Long running dispute over redundancy and welfare payments heads to a conclusion

After eight years of petitions and lawsuits, an appeal court will finally hear the case of Wu Guangjun, one of 34 employees laid-off from Unit 804, a state-owned cotton and hemp warehouse in Beining, near Jinzhou in Liaoning province.


Wu, a former security guard at Unit 804, claims he and is fellow employees were illegally laid-off and consequently have been unable to claim unemployment benefit or even the official minimum subsistence allowance. He further claims he was laid-off because he accused warehouse leaders of embezzling state funds.


The appeal hearing at the Jinzhou Intermediate People’s Court, which opens on Friday 8 May, comes after Wu’s initial lawsuit against Unit 804 was rejected by the Beizhen People’s Court on 22 December 2008, on the grounds that “the plaintiff's case submission has exceeded the prosecuting time-frame.”

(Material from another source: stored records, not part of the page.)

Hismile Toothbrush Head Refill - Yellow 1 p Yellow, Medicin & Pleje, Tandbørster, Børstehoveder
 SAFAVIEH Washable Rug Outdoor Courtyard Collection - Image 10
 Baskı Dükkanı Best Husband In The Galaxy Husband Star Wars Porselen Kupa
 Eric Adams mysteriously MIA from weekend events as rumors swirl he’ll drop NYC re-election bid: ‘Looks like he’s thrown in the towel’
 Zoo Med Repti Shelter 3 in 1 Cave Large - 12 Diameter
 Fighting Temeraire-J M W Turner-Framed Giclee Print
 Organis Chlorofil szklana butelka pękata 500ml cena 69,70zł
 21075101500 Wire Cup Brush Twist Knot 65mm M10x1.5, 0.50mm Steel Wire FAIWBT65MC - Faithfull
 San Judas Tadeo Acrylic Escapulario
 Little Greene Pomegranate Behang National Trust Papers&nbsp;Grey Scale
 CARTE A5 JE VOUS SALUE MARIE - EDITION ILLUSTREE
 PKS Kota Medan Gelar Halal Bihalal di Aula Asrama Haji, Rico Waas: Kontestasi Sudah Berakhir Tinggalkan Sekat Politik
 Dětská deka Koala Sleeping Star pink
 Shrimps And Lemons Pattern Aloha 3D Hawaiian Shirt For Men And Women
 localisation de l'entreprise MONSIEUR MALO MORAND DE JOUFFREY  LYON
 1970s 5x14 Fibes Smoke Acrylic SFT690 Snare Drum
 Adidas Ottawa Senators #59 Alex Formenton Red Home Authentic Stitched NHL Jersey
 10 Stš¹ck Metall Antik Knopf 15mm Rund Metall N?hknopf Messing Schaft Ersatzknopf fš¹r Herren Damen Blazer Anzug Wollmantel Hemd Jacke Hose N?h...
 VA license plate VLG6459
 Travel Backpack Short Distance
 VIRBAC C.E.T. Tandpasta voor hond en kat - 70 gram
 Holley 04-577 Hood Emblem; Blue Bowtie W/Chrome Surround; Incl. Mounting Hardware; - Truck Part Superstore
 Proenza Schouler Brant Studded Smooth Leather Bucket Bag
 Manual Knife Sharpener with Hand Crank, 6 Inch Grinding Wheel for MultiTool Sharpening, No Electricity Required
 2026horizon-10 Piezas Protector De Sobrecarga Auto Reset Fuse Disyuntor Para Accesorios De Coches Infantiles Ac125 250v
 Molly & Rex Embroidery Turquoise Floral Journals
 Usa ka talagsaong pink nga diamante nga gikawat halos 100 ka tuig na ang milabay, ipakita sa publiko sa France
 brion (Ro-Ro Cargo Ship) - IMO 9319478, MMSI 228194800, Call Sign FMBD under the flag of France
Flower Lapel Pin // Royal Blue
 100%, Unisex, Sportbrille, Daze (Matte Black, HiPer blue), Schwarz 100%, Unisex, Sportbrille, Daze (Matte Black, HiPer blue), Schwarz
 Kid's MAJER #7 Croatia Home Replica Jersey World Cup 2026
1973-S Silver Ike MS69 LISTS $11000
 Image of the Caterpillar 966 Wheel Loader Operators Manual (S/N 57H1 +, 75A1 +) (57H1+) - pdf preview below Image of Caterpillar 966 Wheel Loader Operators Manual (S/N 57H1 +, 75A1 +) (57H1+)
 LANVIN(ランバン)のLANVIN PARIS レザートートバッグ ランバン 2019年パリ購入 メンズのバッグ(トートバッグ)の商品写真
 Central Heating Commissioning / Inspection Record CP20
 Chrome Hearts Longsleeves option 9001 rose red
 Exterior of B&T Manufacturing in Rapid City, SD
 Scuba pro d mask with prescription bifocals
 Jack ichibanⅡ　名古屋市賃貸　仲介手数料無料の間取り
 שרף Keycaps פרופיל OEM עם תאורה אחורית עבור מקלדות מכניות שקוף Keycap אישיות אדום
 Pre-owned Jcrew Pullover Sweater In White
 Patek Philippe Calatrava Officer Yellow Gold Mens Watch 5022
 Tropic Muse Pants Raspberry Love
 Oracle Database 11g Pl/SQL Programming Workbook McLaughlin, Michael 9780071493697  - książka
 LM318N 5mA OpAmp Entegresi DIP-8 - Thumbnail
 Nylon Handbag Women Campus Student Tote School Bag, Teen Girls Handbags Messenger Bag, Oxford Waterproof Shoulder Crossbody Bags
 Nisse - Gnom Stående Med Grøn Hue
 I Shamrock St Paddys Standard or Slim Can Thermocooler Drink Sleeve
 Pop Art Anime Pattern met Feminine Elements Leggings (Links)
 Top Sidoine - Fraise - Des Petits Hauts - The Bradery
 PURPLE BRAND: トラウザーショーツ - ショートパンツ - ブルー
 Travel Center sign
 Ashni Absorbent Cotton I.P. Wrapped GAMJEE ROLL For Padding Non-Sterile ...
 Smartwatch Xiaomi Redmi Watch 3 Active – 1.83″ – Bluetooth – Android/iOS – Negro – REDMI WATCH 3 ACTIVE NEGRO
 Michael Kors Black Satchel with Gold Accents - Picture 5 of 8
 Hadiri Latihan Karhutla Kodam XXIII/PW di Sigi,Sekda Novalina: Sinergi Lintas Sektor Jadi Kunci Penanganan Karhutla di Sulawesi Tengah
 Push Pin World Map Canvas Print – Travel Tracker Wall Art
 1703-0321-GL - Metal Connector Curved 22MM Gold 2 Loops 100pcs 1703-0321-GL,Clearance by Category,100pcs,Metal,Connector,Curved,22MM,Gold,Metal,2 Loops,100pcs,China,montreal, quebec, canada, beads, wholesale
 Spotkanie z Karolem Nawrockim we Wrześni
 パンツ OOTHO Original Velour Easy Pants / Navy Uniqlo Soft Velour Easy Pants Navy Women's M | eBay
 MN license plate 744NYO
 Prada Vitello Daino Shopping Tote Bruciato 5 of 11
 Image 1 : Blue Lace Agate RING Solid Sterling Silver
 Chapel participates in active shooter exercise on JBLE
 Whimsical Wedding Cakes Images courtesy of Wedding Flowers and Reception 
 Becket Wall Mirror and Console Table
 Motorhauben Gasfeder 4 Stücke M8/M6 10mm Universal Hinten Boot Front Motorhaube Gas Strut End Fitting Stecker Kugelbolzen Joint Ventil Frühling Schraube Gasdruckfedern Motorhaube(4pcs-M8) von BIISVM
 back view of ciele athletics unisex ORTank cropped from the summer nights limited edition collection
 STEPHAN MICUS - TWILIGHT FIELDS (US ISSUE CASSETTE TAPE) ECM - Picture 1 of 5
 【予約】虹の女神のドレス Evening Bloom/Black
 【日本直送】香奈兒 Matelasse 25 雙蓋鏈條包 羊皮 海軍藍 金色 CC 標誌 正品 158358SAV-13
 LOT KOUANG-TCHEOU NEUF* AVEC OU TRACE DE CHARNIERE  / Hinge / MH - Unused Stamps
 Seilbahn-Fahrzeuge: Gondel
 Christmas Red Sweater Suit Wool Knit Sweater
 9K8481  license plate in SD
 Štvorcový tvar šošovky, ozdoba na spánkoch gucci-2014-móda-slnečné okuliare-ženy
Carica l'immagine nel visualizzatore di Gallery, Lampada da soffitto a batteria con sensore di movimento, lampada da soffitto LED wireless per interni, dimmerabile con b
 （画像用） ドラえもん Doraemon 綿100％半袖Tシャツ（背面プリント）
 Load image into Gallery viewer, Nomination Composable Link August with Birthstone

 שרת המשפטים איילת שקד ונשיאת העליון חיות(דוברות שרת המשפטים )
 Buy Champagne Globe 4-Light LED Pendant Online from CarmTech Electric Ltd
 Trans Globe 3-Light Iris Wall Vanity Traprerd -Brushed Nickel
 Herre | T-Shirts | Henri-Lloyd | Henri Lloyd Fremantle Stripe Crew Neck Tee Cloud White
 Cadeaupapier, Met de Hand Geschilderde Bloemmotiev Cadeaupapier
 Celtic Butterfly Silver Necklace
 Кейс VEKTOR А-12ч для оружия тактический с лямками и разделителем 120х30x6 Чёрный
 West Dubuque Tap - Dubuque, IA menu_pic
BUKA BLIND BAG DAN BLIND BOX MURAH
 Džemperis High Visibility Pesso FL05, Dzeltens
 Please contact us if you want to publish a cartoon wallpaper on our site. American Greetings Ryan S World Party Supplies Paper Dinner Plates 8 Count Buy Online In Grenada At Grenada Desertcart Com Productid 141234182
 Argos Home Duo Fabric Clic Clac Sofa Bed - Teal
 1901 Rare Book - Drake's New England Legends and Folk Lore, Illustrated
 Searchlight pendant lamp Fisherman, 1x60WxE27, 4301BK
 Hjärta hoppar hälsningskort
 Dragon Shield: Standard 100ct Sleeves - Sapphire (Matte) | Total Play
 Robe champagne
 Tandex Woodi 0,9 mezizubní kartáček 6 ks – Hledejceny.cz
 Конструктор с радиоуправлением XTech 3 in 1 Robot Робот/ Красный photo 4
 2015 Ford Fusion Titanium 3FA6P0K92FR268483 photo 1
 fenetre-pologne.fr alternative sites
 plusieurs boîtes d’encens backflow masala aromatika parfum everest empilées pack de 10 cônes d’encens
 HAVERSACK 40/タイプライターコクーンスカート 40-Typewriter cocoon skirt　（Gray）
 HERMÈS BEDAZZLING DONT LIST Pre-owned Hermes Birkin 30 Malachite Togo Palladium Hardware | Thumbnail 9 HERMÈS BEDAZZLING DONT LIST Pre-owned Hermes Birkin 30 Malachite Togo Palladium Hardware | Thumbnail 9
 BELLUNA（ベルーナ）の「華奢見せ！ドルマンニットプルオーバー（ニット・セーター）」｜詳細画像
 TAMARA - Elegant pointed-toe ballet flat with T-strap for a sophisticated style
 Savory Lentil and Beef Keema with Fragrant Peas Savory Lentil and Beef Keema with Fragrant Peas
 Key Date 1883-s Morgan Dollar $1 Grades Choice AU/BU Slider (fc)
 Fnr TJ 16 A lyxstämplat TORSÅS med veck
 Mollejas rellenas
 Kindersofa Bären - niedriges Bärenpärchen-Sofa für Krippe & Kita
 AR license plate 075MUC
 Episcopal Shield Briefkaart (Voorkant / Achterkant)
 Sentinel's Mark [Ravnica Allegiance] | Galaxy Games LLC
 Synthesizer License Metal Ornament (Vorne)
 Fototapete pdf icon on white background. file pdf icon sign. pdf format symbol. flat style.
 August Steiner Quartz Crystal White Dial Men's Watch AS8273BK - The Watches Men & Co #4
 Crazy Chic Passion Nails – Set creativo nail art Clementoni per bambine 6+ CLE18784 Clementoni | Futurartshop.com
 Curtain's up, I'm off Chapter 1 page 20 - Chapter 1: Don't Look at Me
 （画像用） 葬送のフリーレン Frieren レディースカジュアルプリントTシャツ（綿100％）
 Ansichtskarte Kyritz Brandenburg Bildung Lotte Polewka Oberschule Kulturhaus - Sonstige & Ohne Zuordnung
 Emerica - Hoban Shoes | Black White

Earlier, with the help of China Labour Bulletin, Wu had tried to sue Unit 804’s commercial arm, Liaoning Cotton and Hemp Co., at the Huanggu District Court of Shenyang. The court initially accepted the case but after “communicating” with the company in early 2008 ruled the case inadmissible, without ever explaining why.


This complex case relates to the restructuring of the state-owned warehouse in 2001 and is profiled in detail in CLB’s research report No Way Out: Worker Activism in China’s State-Owned Enterprise Reforms.